Description and Analysis of Operations
Definition of the Problem
The General Motors (GM) was a successful automobile company until it went bankrupt in 2009. This bankruptcy was preceded by a fall in market share of the company between 1980 and 2009 from 62.2% to 19.8% (Helper & Henderson 2014). The management at the time of the declining market share failed to identify and suitably react to this change in order to avoid the bankruptcy in 2009. The issues facing General Motors resulted from failing to identify change when it happened as well as failing to undertake necessary action in response to that change. The issues faced by the company resulted from problems at the management level.
The problems at General Motors (GM) can be divided into problems of motivation and perception in analyzing the reason for slow and expensive product development processes as well as inferior design and quality at GM. The problems of perception arise from the failure to identify changing trends due to current success in a particular field. GM had been the leading company in the automobile business in the United States and thus made a false perception of the threat presented by new companies such as Toyota into the market (Igrassia, 2009). Problems of motivation are considered as unwillingness to respond to the need for change when it is determined. General Motors faced this problem due to the lack of past experience with intense competition which led to the managers dismissing the threat of new entrants – Japanese firms into the American automobile industry (Helper & Henderson 2014). The main reason why Toyota presented such a significant challenge to the continuity of GM is due to the management practices which reflected an effective company culture.

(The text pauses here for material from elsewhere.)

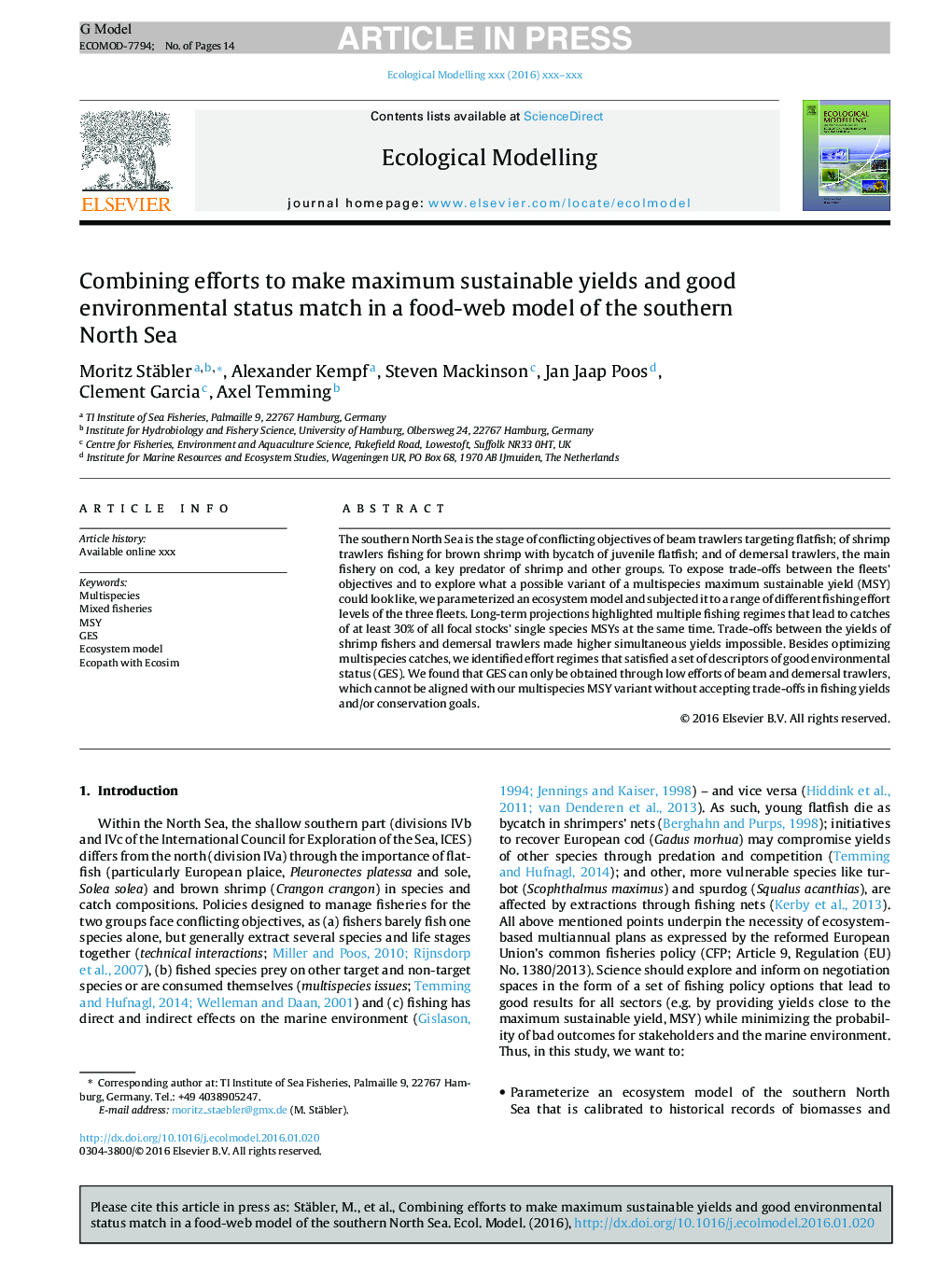 Combining efforts to make maximum sustainable yields and good environmental status match in a food-web model of the southern North Sea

Operational Area of Analysis
General Motors compromised on quality, design, productivity and effective managerial practices. The operation management problems illustrated by GM were those of lower productivity and poor quality resulting from the existing assembly operations and poor operations management practices (Ingrasia 2009). The difference between how Toyota managed assembly and product design from that of General Motors was evident in the quality of their vehicles; Toyota surpassed GM in terms of product design and productivity; this is an important reason of its success in a foreign country. At GM operating executives have held significant power and responsibility over the affairs of the company and thus can be held responsible for its failure (Ingrassia, 2009).

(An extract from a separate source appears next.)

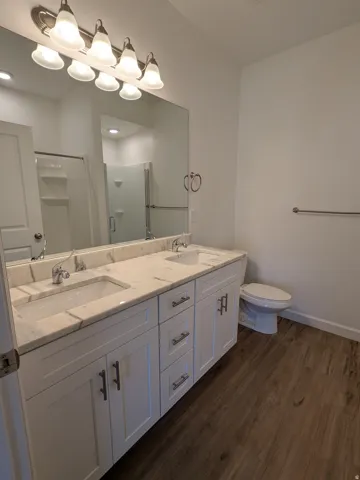 Bathroom with double vanity, a stall shower, and dark wood-type flooring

The issues of quality and design are a common concern for numerous consumers of automobiles. Helper and Henderson (2014) suggest that the decline of the once great General Motors can be explained by inferior quality and poor design. In the 1980s and 1990s automobile consumers made complains regarding the quality of American cars including noise vibration and poor ride quality. In 2000 the average price of GM cars was $3000 less in comparison to Honda and Toyota. The quality rankings of Chevrolet only begun to approach Toyota’s in 2012. According to Ingrassia (2009), GM made look-alike cars and focused on the production of big SUVs; the sales of these SUVs were affected by a rise in gas prices.
The level of productivity is important for the success of any organization in any industry (Collier & Evans, 2015). The level of productivity was less for General Motors than its competitors in most aspects of operations (Helper & Henderson 2014). In terms of assembly operations, GM was also lower in terms of productivity in comparison to its rivals. Figure 1 illustrates that the period of assembly required by GM was almost twice that of Toyota; the comparison is between a GM plant and a Toyota plant in terms of assembly operations by MIT International Motor Vehicle Program.

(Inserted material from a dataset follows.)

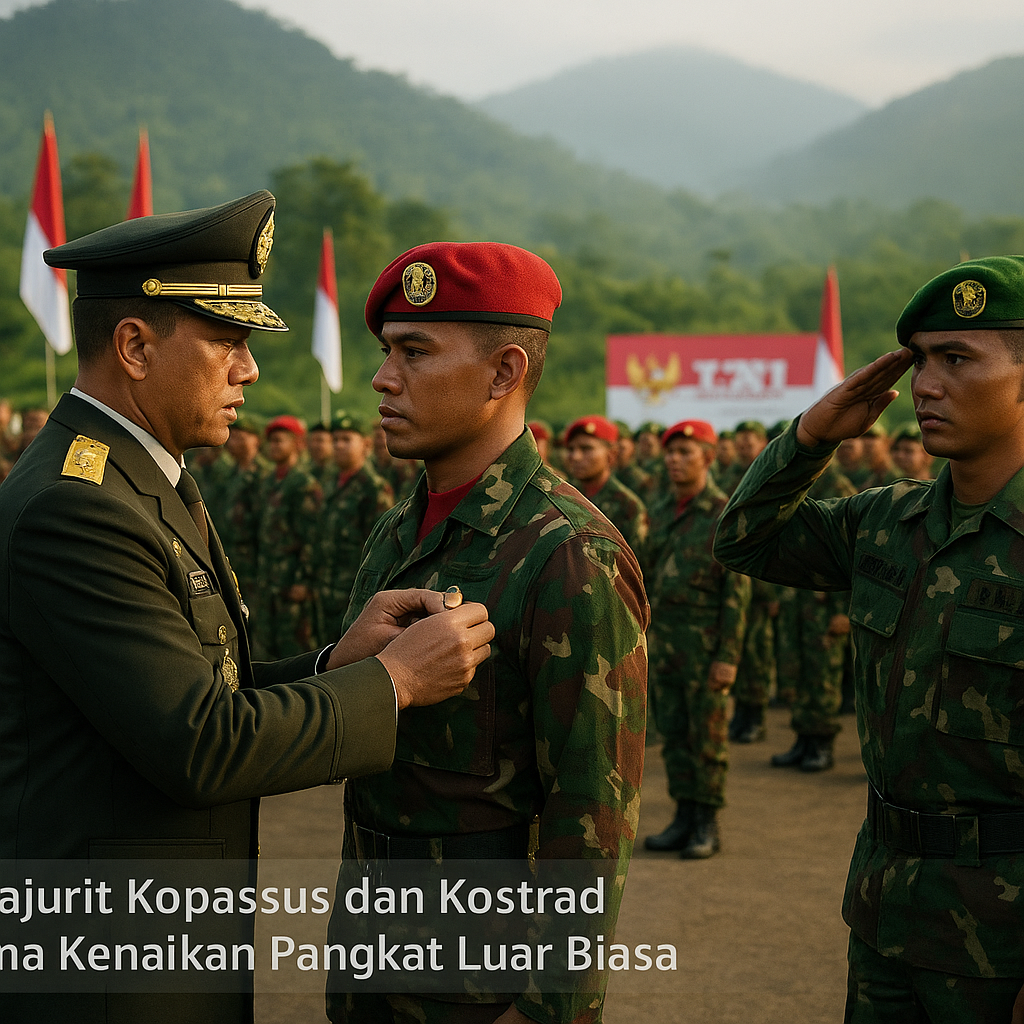 23 Prajurit Kopassus dan Kostrad Terima Kenaikan Pangkat Luar Biasa dari Panglima TNI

Managerial practices are an indispensable component of an organization as managers make important decisions which guide the direction of a company (Collier & Evans, 2015). The decline of General Motors can also be attributed to inefficient managerial practices; competitors of the firm such as Toyota have managed to introduce automobiles with better design and quality due to the suitable strategies and practices of management (Helper & Henderson 2014). The management of GM’s supplier network was considerably less effective than other automobile producers such as Toyota. Research suggests that the managers at General Motors were just as skilled as their counterparts. GM’s direct labor costs were 10% of the total costs with purchased parts at 70% (Helper & Henderson 2014); this and the lack of an effective company culture also the crisis faced by General Motors. GM was restricted by the generous labor deals it had signed in the 1970s defeat smaller competitors such as Ford but did not anticipate the entry of new companies without such labor contracts like Nissan and Honda. Despite the aforementioned problems in different areas, it is possible to device relevant and significant strategies to resolve the concerns of the company.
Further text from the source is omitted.